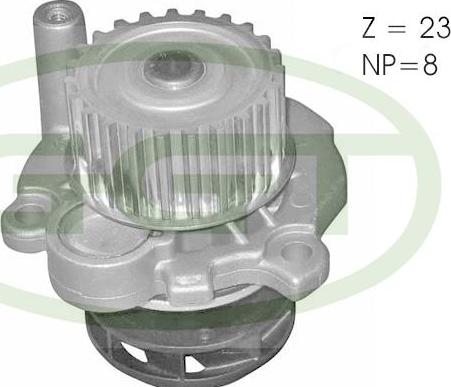 GGT PA11024 - Water Pump www.autospares.lv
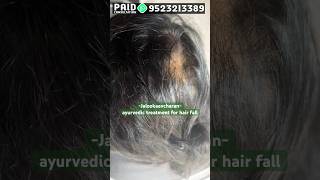 Stop Hair Fall with Leech Therapy Ayurveda Hair Treatment ayurveda hairfall youtubeshorts [upl. by Anicul]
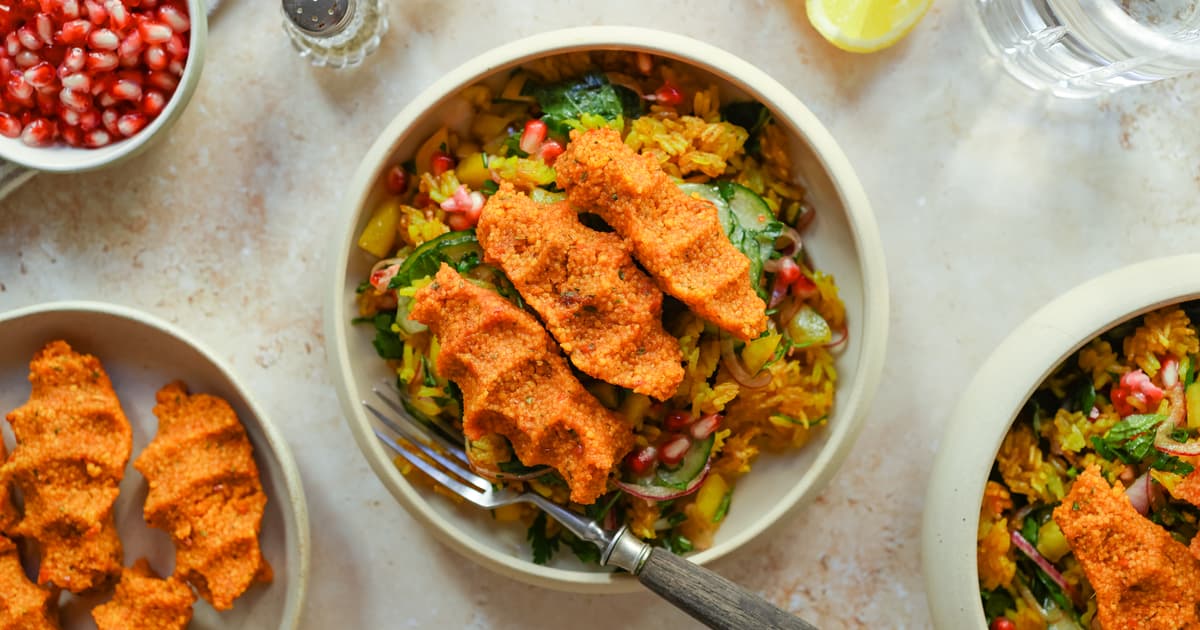 Easy Crispy Rice Salad with Cig Köfte | Vegan Recipe | Zucker&amp;Jagdwurst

-- WHAT IS BEING ASKED --
Retype the listing exactly. Leave out its pictures.

-- RESULT FOR THIS EXERCISE --
 GGT PA11024 - Water Pump www.autospares.lv
 Stop Hair Fall with Leech Therapy Ayurveda Hair Treatment ayurveda hairfall youtubeshorts [upl. by Anicul]
 Easy Crispy Rice Salad with Cig Köfte | Vegan Recipe | Zucker&amp;Jagdwurst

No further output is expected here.